Janet Woodcock, M.D., Director of the FDA’s Center for Drug Evaluation and Research recently proposed changes to CDER’s new drug regulatory program. The proposals (here) include regulatory and review process changes, as well as organizational restructuring. The drive behind these changes are to free up resources so that the reviewers have more time to focus on drug development. These include unmet medical needs, collaborations needed for proper evaluation and reaching out to external scientists, expert physicians and patient communities.
FDA’s proposal includes recruiting the best and brightest individuals from many disciplines, enhancing focus on multidisciplinary teams, prioritizing operational excellence, improving knowledge management, emphasizing the importance of safety across a drug’s lifecycle and incorporating the patient voice. CDER acknowledges that, to be a successful drug regulator, FDA reaches well beyond its borders through collaborations with a wide variety of medical and scientific organizations such as those in biomedical research, the pharmaceutical industry, academia, global organizations and other regulatory agencies.
Dr. Woodcock says that these collaborations also extend to patients and their caregivers and advocacy groups.
The proposed changes involve stronger “integrated assessment” so the reviewers can work together within and across offices. A cross-disciplinary team will be assigned to work on a new drug application from the beginning. CDER currently has 19 separate review divisions that regulate and review drug applications. Over time, many divisions have developed procedures specific to their areas of review.
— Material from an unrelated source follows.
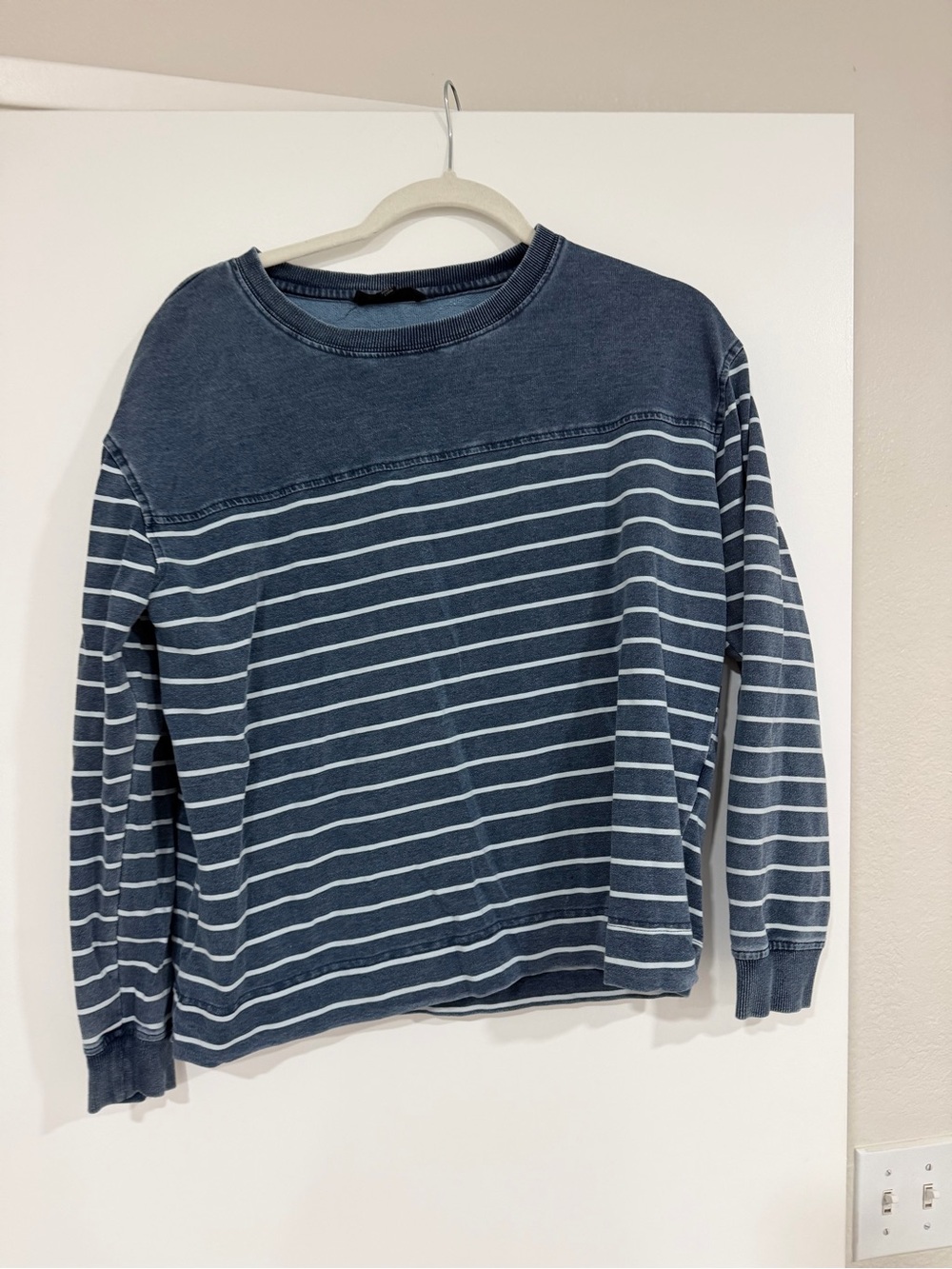 Blue Striped Crewneck lightweight top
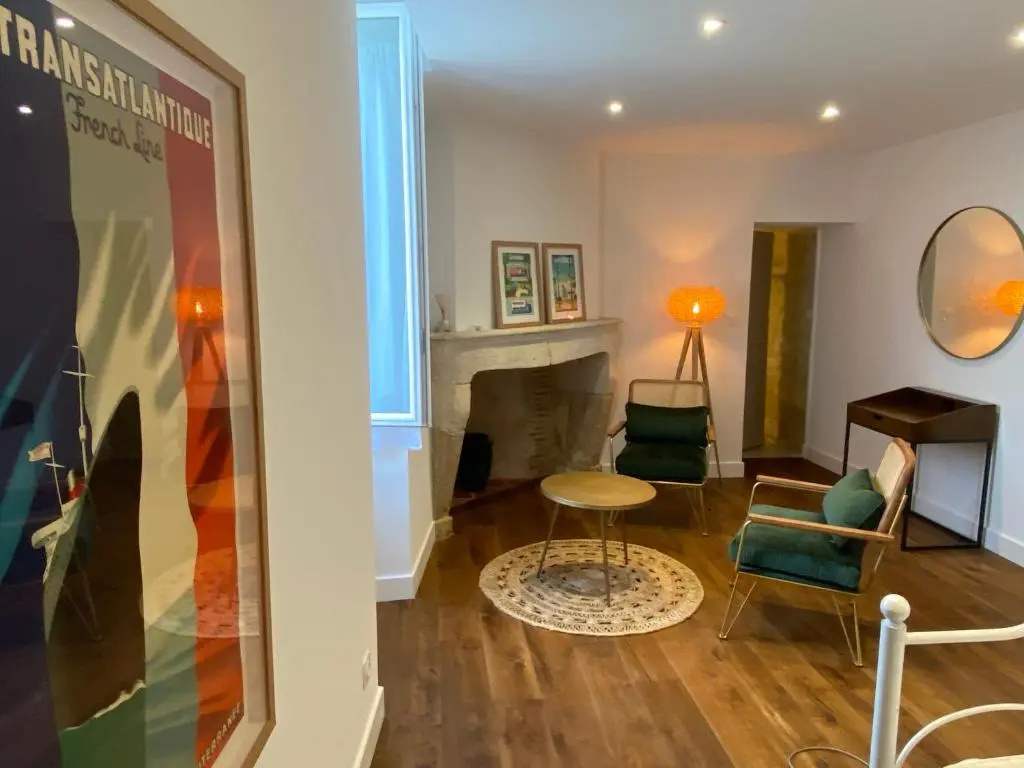 Standard Double room with pool view (full double bed)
For example, CDER uses its Managed Review Process (here), which was developed to provide a common management approach to the review of drugs, biological products, and devices under different regulatory pathways using a consistent set of management procedures. CDER, on the other hand, uses its 21st Century Review Process (here), which employs cross-disciplinary teams and procedures to coordinate and address scientific and regulatory issues within the standard review timelines. In addition to streamline these processes, the proposal would also bring the project management functions within OND with the hope of streamlining the process.
In a statement (here) released at the same time on the proposed modernization of FDA’s drug review office, FDA Commissioner Dr. Scott Gottlieb stated that “one principal aim of these proposed changes is to elevate the role of our scientists and medical officers to take on even more thought leadership in their fields. We want to give our clinicians and scientists more time, better tools and greater support to advance the clinical and regulatory principles that the FDA uses to evaluate new drugs for safety and efficacy.” With modernization of the process, FDA will have the ability to issue more product-specific guidance documents which includes hundreds of new clinical guidance documents.
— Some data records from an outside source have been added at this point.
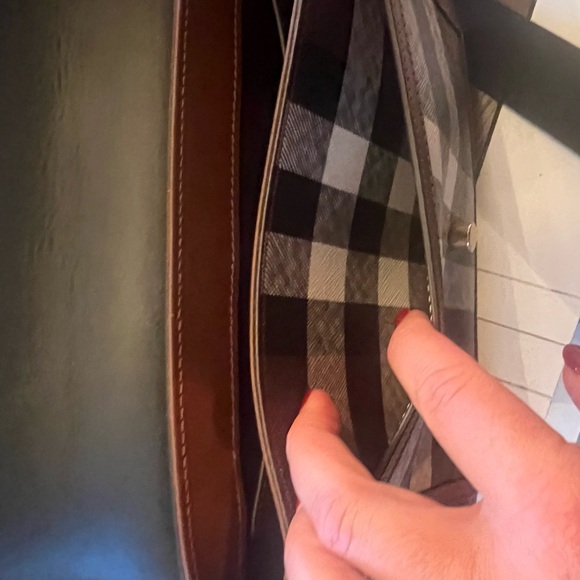 Burberry Note Bag - Dark Birch Brown - Picture 7 of 7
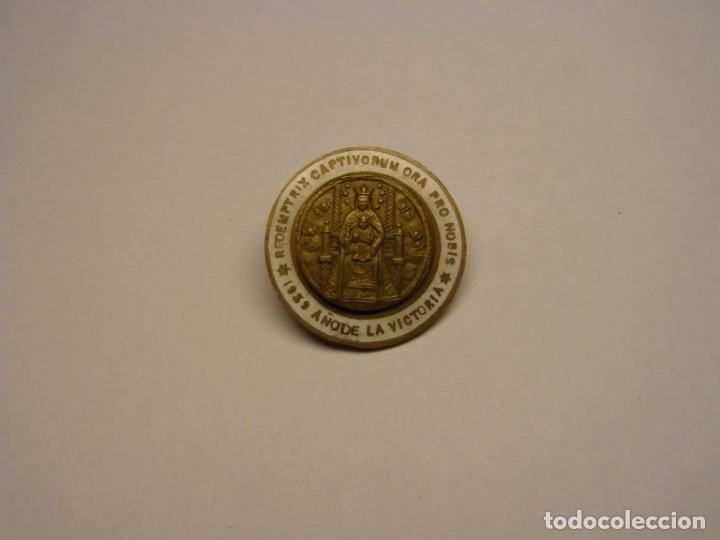 Militaria: Insignia redenci&oacute;n de cautivos, prisioneros de guerra, Guerra Civil Espa&ntilde;ola, a&ntilde;o 1939.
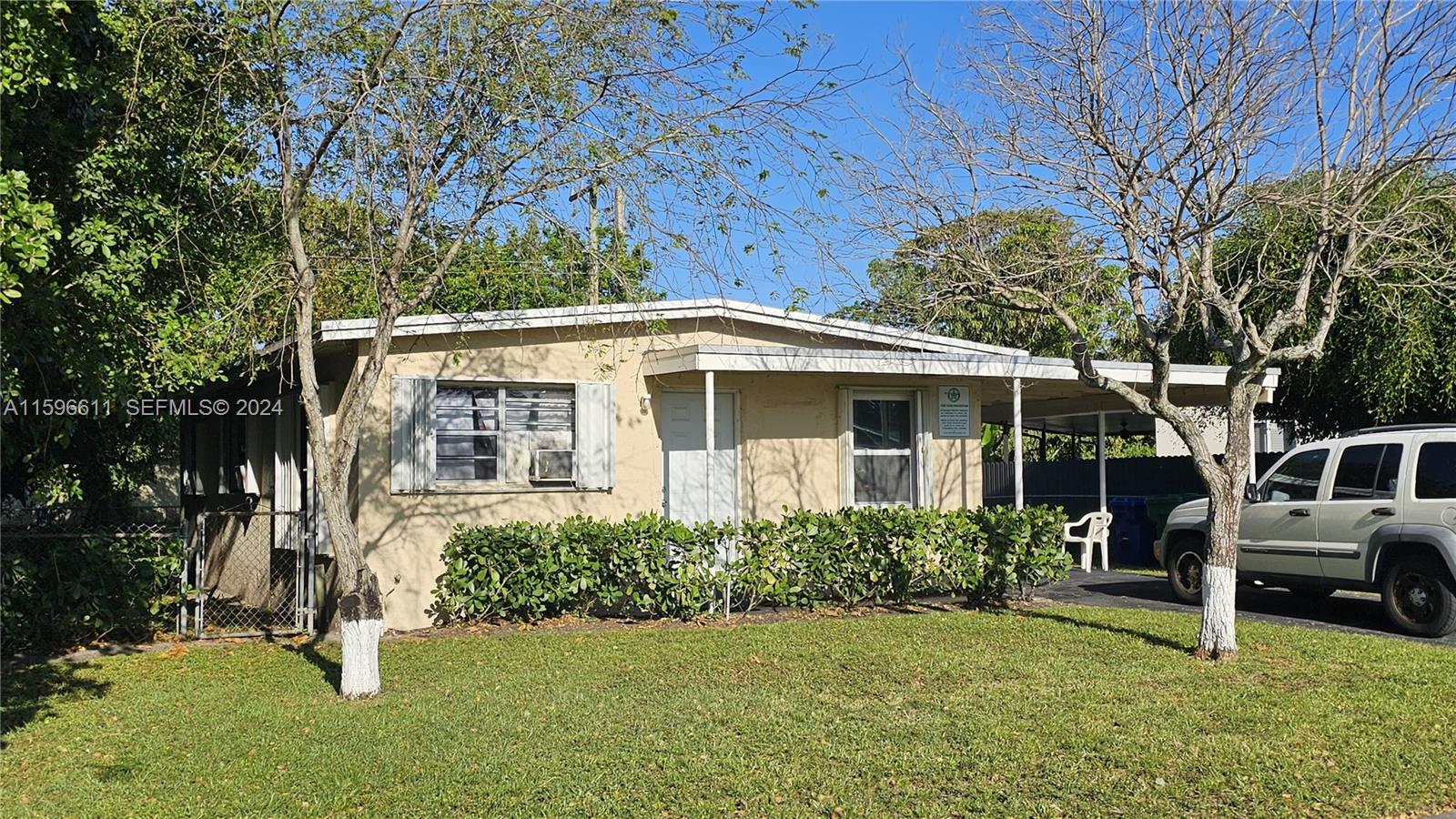 155 NW 30th Ter, Fort Lauderdale FL 33311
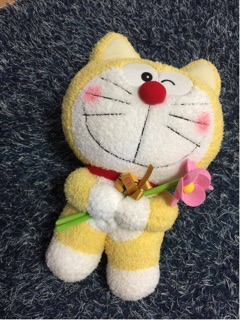 Doraemon Thỏ Hồng + Doraemon Vàng Xù Ôm Hoa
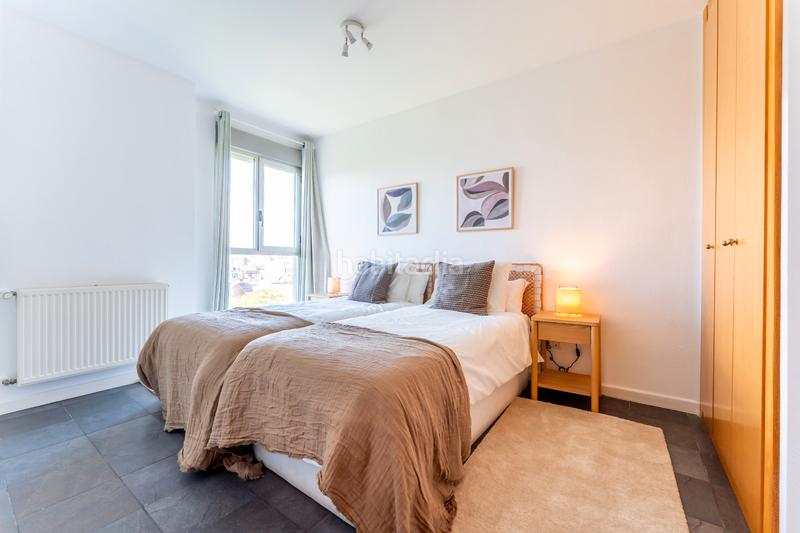 Foto 378768a3-0a10-41e3-9f33-3370e9eefb17. Lloguer apartament a calle de las cuevas de altamira 1 a Madrid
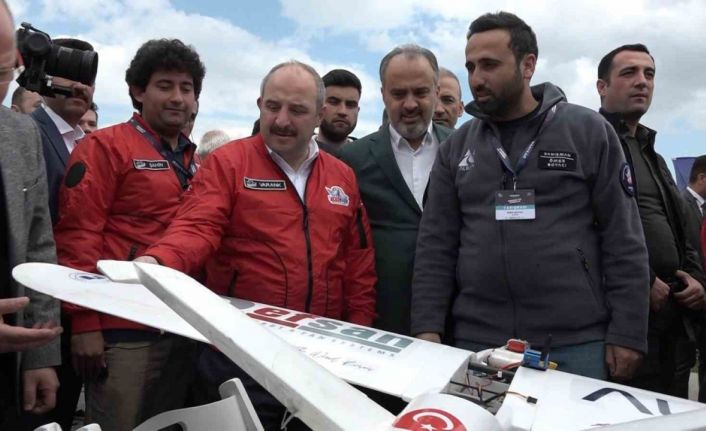 Bakan Varank: "Bugün elektrik otomobil konuşuyoruz. Gençler inşallah hidrojenle çalışan otomobil yapacak"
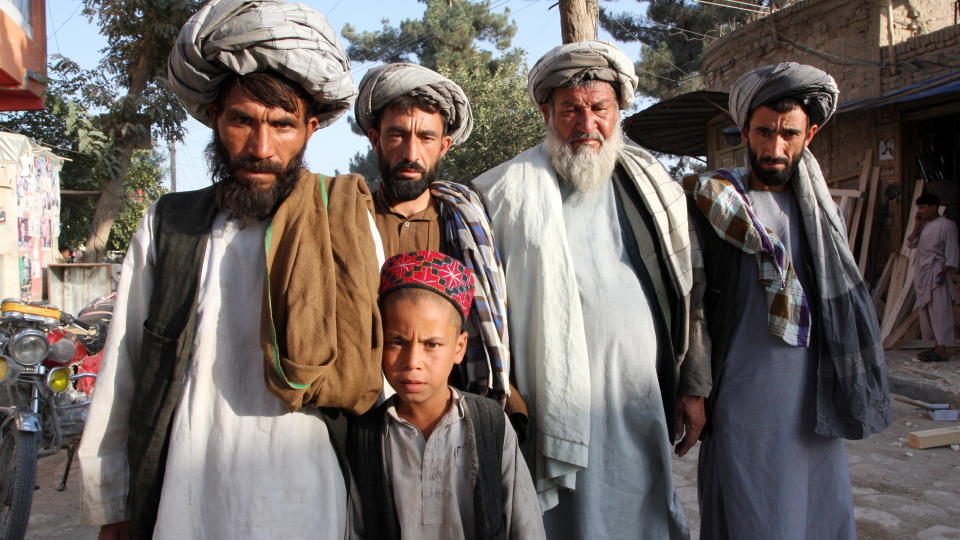 BER OM HJELP: Familien til mannen som ble skutt og drept i av norske soldater l�rdag, hevder mannen ikke hadde noe med oppr�rsgrupper � gj�re, og ber n� Norge om st�tte til familien som er igjen. FOTO: Anders S�mme Hammer.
One of the operational goals is to make the entire review process and the development of the key review memos better organized, so that the reviewers can document their findings more efficiently. FDA believes the new alignment and processes will improve efficiency by 20 percent. Those of us who must dig through the review summaries daily can only appreciate streamlined review memos.
In line with FDA’s recent initiatives, Dr. Woodcock plans to engage the external community more closely in their work, especially patients, with the aim of advancing more modern regulatory principles. In May 2017, FDA published the outcome (here) of a current-state analysis of its patient engagement activities, which revealed that taking steps like clarifying responsibilities and fostering systems and tools that promote transparency, accessibility, and collaboration within the Agency and with the public would help strengthen patient engagement efforts. This resulted in a proposed future state for FDA patient engagement activities with the objectives of developing a nuanced understanding of the patient perspective of disease and support patients and their advocates in understanding regulatory processes and in navigating FDA.
Although Dr. Woodcock does not get into the specific details of how CDER plans to integrate her proposals with FDA’s other objectives announced earlier, we welcome the initiative and look forward to more clarity on some of these ambitious goals as FDA is pushing and going beyond the borders.